Рейхардт не слишком внимательно следил за событиями: к нему вернулась старая добрая морская болезнь, и он, лежа на койке меж двумя приступами тошноты, молился о долгожданной смерти. Наконец они с лучами заходящего солнца достигли Фарерских островов, которые показались ему зеленым раем устойчивости с их лугами, изобилующими овцами и кроликами. Проблемы начались на следующее утро. За ночь пропала дюжина овец, и островитяне нашли клочья их шерсти и раздробленные кости. Хотя капитан клялся, что его команда ни в чем не виновата, ему пришлось заплатить за ущерб, понесенный фермерами. На следующую ночь драма повторилась. Телосложение фермеров и габариты их оружия подсказывали пойти на соглашение. Капитан без колебаний выложил свои монеты. Решив больше не платить за овец, которых он не съест, он приказал поторопиться с погрузкой. Оставшись в одиночестве перед раздробленными костями, из которых выгрызли мозг, Рейхардт почувствовал, как в желудке поднимается странная дурнота. Ничего общего с морской болезнью. Его разом охватил смутный, отвратительный страх: он уже видел кости, с которыми обошлись подобным образом…
Каравелла снова вышла в море. К своему большому удивлению, Рейхардт чувствовал себя лучше; он не то чтобы полностью оморячился, но перед матросами держался уже увереннее. Плавание возобновилось, с чередой необъяснимых ускорений и замедлений, но на борту на этот счет уже не волновались. Их заботило только предупреждение фарерцев. Последние их извещали, что в водах, куда им предстояло войти, за последние несколько месяцев неоднократно появлялись гигантские кальмары — устрашающие кракены. Впередсмотрящие и все свободные люди вглядывались в поверхность воды, все гарпуны были наготове, и все же из голов не выходило предостережение деревенского старосты:
— Это не просто огромные твари с присосками больше обеих моих рук, но они и умны, быстры. И неумолимы. Меньше чем за год потерялось пять кораблей, не таких больших, как ваш, но все же приличных размеров! Лучшие китобои пытались захватить кракена, и трое из них нашли свою погибель.

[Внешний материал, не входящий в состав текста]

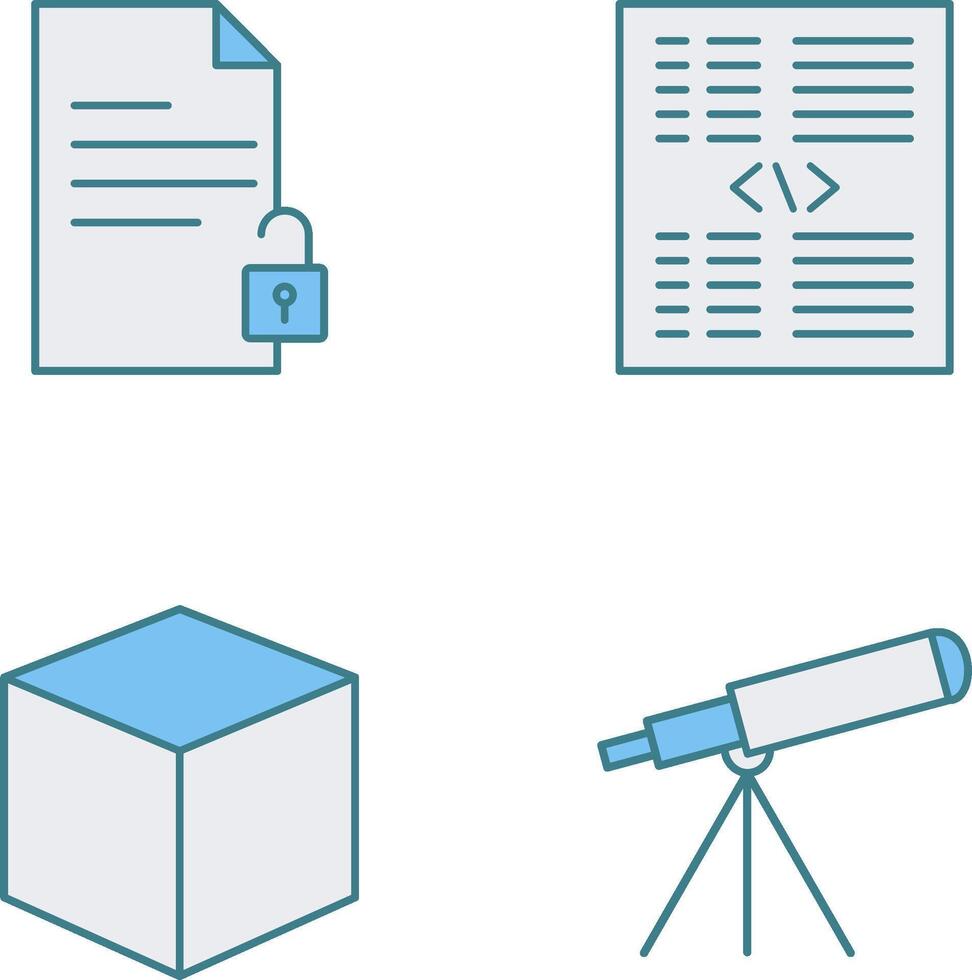unlock document and piece of code Icon vector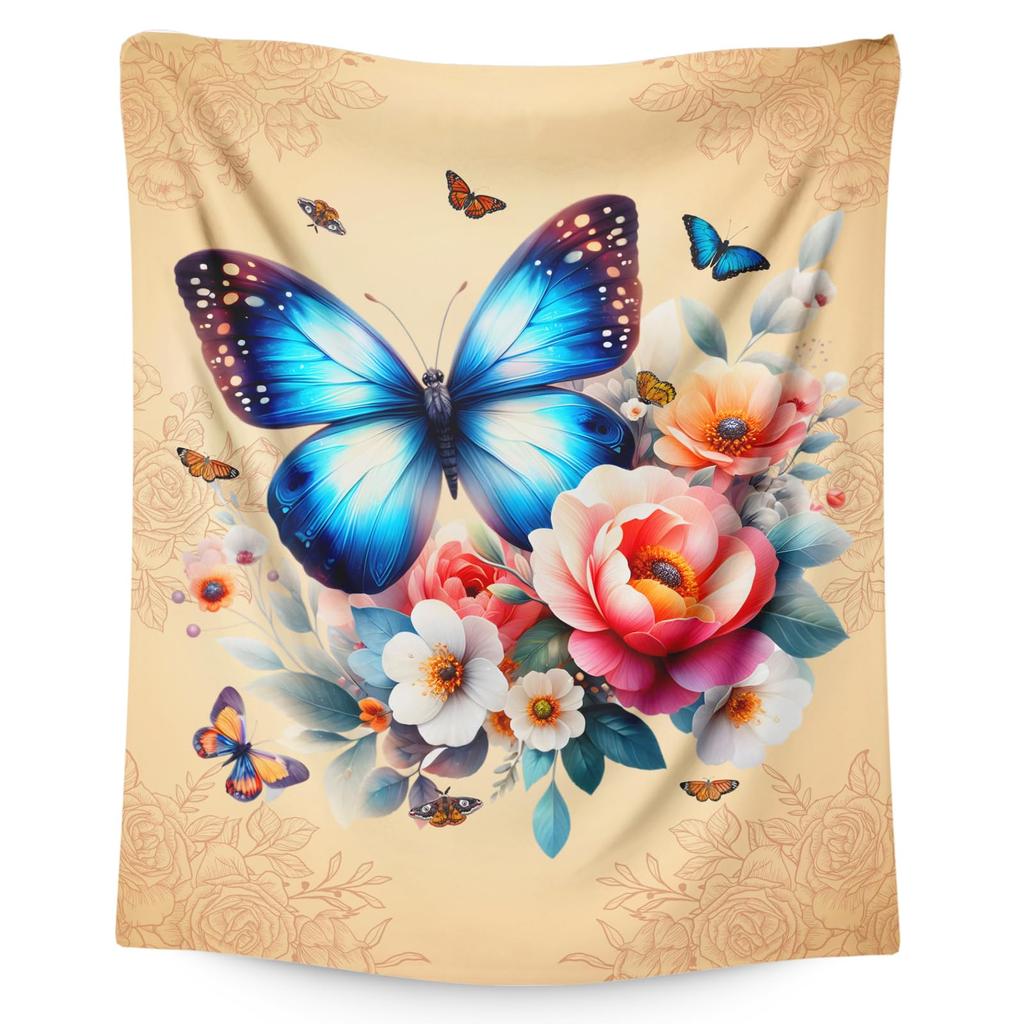 Ultra Soft Butterfly Theme Blanket Soft Warm Plush Fleece Flannel Butterflies Throw Blanket for Travel, Airplane, Bed, Couch,Car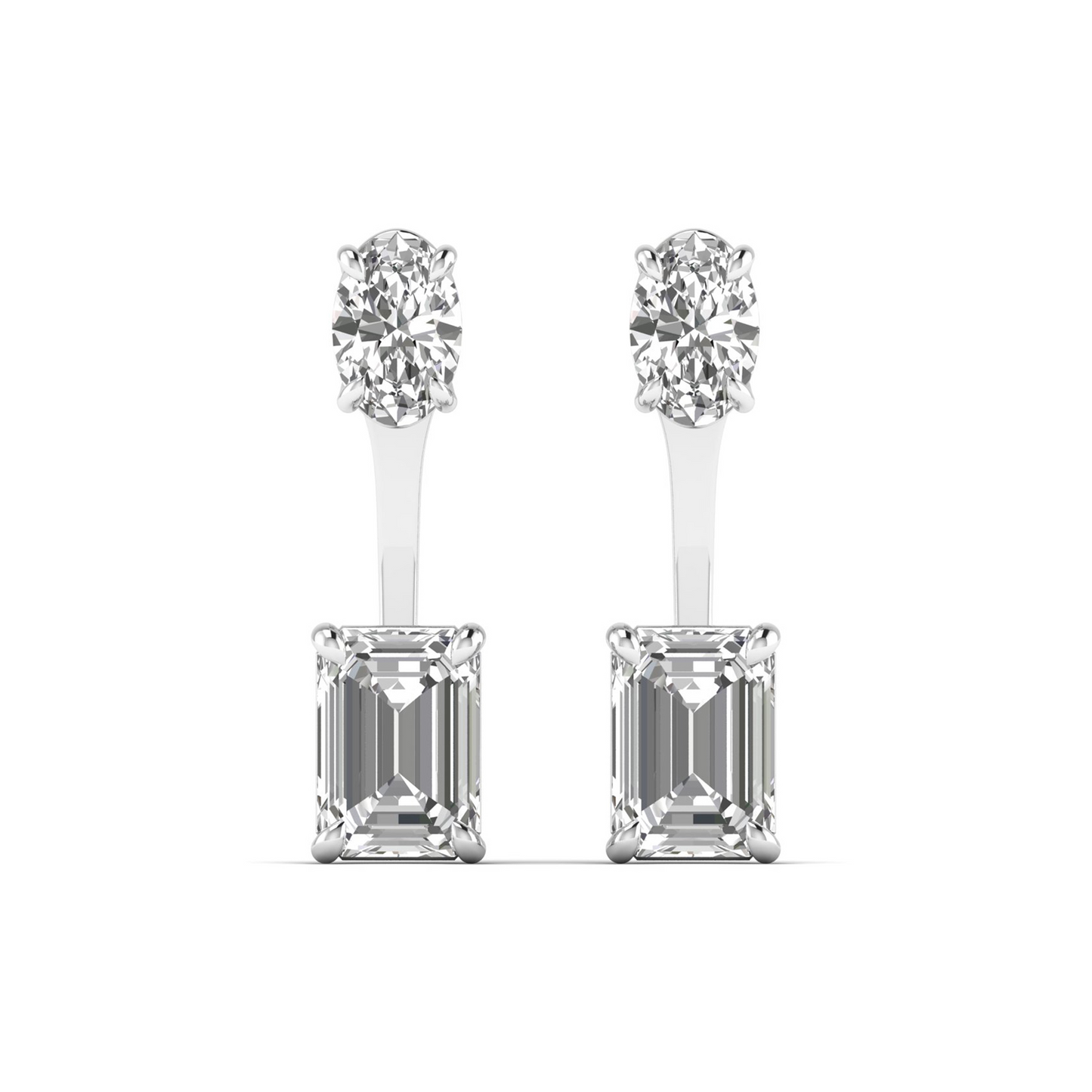 Radiant Glamour: Lab-Grown Diamond Earrings in Emerald and Oval Shapes – Ethical Elegance Beyond Compare!
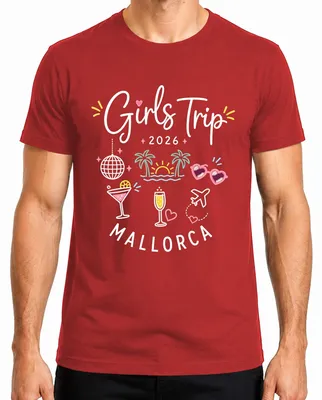 Productafbeelding van Meisjesweekend 2026 Mallorca, vrijgezellenfeest, damesvakantie, heren T-shirt, rood, maat XL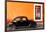 ¡Viva Mexico! Collection - Black VW Beetle Car with Orange Street Wall-Philippe Hugonnard-Framed Photographic Print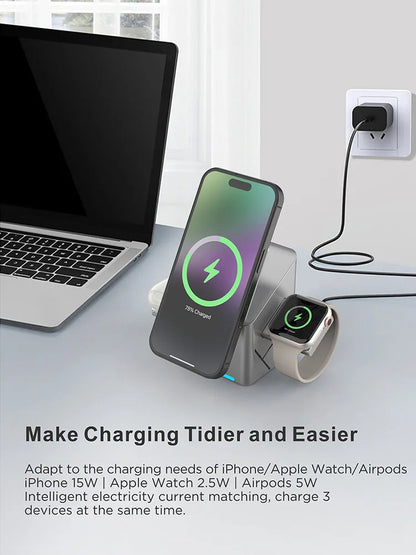New Qi2 3 in 1 Touch Button Rotating Magnetic Wireless Charger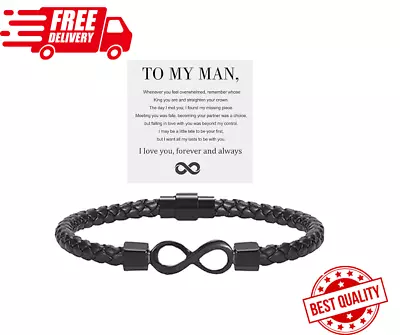 To My Man Infinity Leather-Bracelet Husband Gifts From Wife I Love You Forever-U • $23.89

На третье утро рыцаря разбудили радостные вопли. На палубе матросы показывали в море. На поверхности волн вверх-вниз покачивалось расчлененное тело гигантского кальмара. Его щупальца были не короче корабля, а разрозненные куски плоти, что волны прибивали к корпусу — толще бычьей ноги. Голова, явно отгрызенная — это какими же зубами, недоумевал Рейхардт, — пристально смотрела на них с ненавистью и осуждением во взоре. Юноша почувствовал, как его желудок снова взбунтовался, но с облегчением обнаружил, что не он один перегнулся через борт…
На Шетландских островах они обнаружили, что помимо кроликов и овец острова кишат кошками. Гордость жителей составляли несколько коров. Грузов у капитана было не так много, и их стоянка должна была продлиться не дольше одной ночи. Единственной ночи, зато незабываемой. Ночи новолуния с ее тьмой, в которой над островом разносился нечеловеческий, нескончаемый вой чудовищных зверей, вышедших из глубины веков. Затравленные крестьяне, принимавшие у себя капитана, его первого помощника и Рейхардта, тихо переговаривались и крестились. В их молитвах без конца звучало одно слово: троу, троу — все повторяли они… Капитан, который немного был знаком с их диалектом, разобрал, что троу — это отвратительное, гигантское существо с кожей, похожей на подошву, запахом гниющего мяса, огромным сопливым носом, гнилыми клыками, ладонями размером с человеческую руку и перепончатыми ступнями. Короче говоря, тролль на островной лад.
На следующее утро перед фермой лежало на спине разодранное тело изуродованного волосатого гиганта. Его череп, выскобленный начисто от мозга, покоился на его же брюхе.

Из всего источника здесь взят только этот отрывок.